In the visual above, you might want to locate the button in the upper right corner ‘Show in New Window’, so that you can zoom the results out.

We might also want to read (or have a searchable list in a table) of the word frequencies. The first code block below renders the results above in a table, and the second code block writes all of the results into a csv (spreadsheet) file.

tidy_livy %>%
  count(word, sort = TRUE)

livy_words <- tidy_livy %>%
  count(word, sort = TRUE)

write_csv(livy_words, "livy_words.csv")

# Note that if you want to retain the tidy data (that is, the title-line-word columns in multiple works, say),
# then you would just invoke the tidy_livy variable: write_csv(tidy_livy, "livy_words.csv")

Much of what we have done can also be done in Voyant Tools, to be sure. However, we have been able to load data faster in R, and we have also organized the data is tidytext tables that allow us to make judgments about the similarities and differences between the works in the corpus. It is also important to stress that you retain more control over organizing and manipulating your data with R, whereas in Voyant you are beholden to unstructured text files in a pre-built visualization interface.

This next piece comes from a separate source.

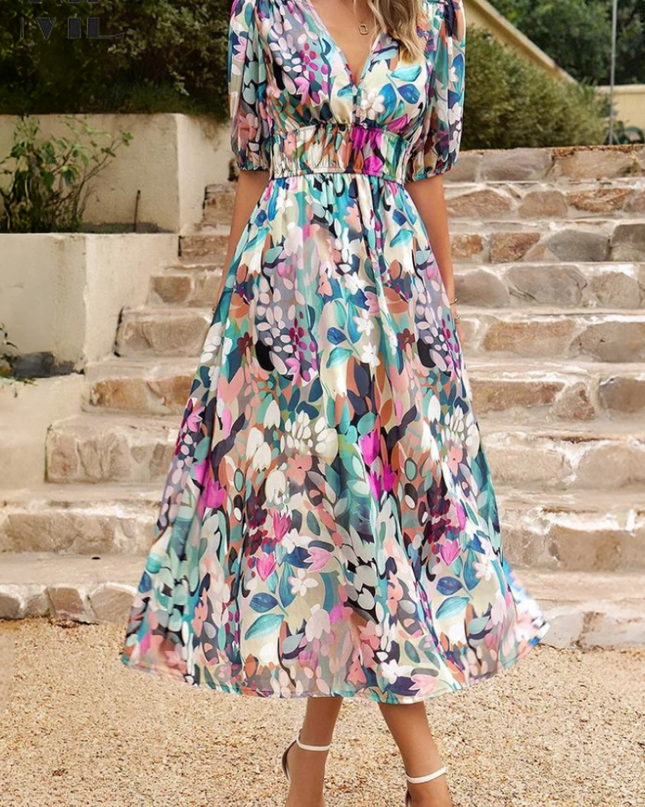 Women's Abstract Floral Print Midi Dress with Elasticated Waist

To illustrate this flexibility, let’s investigate the data in ways that are unique to R (and programming in general).

We might want to make similar calculations by book, which is easier now due to the tidy data structure.

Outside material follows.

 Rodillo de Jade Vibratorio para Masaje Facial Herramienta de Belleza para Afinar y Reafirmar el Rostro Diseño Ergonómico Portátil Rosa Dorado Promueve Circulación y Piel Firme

livy_word_freqs_by_book <- tidy_livy %>%
  group_by(gutenberg_id) %>%
  count(word, sort = TRUE) %>%
  ungroup()

livy_word_freqs_by_book %>%
    filter(n > 250) %>%
    ggplot(mapping = aes(x = word, y = n)) +
    geom_col() +
    coord_flip()

This shows you the general trend of each word that is used more than 250 times in alphabetical order. We can also break up the results into individual graphs for each book.

livy_word_freqs_by_book %>%
    filter(n > 250) %>%
    ggplot(mapping = aes(x = word, y = n)) +
    geom_col() +
    coord_flip() + facet_wrap(facets = ~ gutenberg_id)

This might appear to be an overwhelming picture, but it is an immediate display of similarities and differences between books. Granted, they are slightly out of order (id 10907 is The History of Rome, Books 09 to 26, and 12582 is Books 01 to 08), but you can immediately notice how the first half differs from the second in its content.

We could re-engineer the code in the previous examples to look more closely at these results. First we’ll narrow our data set to the more interesting id numbers mentioned already.

livy2 <- gutenberg_download(c(10907, 44318))

livy_tidy2 <- livy2 %>%
  group_by(gutenberg_id) %>%
  mutate(line = row_number()) %>%
  ungroup()

livy_tidy2 <- livy_tidy2 %>%
  unnest_tokens(word, text) %>%
  anti_join(stop_words)

livy_word_freqs_by_book <- livy_tidy2 %>%
  group_by(gutenberg_id) %>%
  count(word, sort = TRUE) %>%
  ungroup()

livy_word_freqs_by_book %>%
    filter(n > 210) %>%
    ggplot(mapping = aes(x = word, y = n)) +
    geom_col() +
    coord_flip() + facet_wrap(facets = ~ gutenberg_id)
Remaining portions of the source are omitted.